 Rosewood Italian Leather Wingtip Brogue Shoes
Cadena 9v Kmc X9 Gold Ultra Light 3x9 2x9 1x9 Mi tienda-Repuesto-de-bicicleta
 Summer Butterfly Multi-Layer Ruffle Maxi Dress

------------------------------------------------------------

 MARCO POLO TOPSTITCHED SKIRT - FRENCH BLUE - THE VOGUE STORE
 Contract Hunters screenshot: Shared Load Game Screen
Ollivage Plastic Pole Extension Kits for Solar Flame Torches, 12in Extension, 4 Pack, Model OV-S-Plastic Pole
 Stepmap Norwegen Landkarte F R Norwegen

------------------------------------------------------------

• **WORK ITEM**: Retype word for word everything in the listing above from the line that holds "Ollivage Plastic Pole" down to the line that holds "Stepmap Norwegen Landkarte F R Norwegen". Keep both end lines and leave out the rest.

• **TASK RESPONSE**:
Ollivage Plastic Pole Extension Kits for Solar Flame Torches, 12in Extension, 4 Pack, Model OV-S-Plastic Pole
 Stepmap Norwegen Landkarte F R Norwegen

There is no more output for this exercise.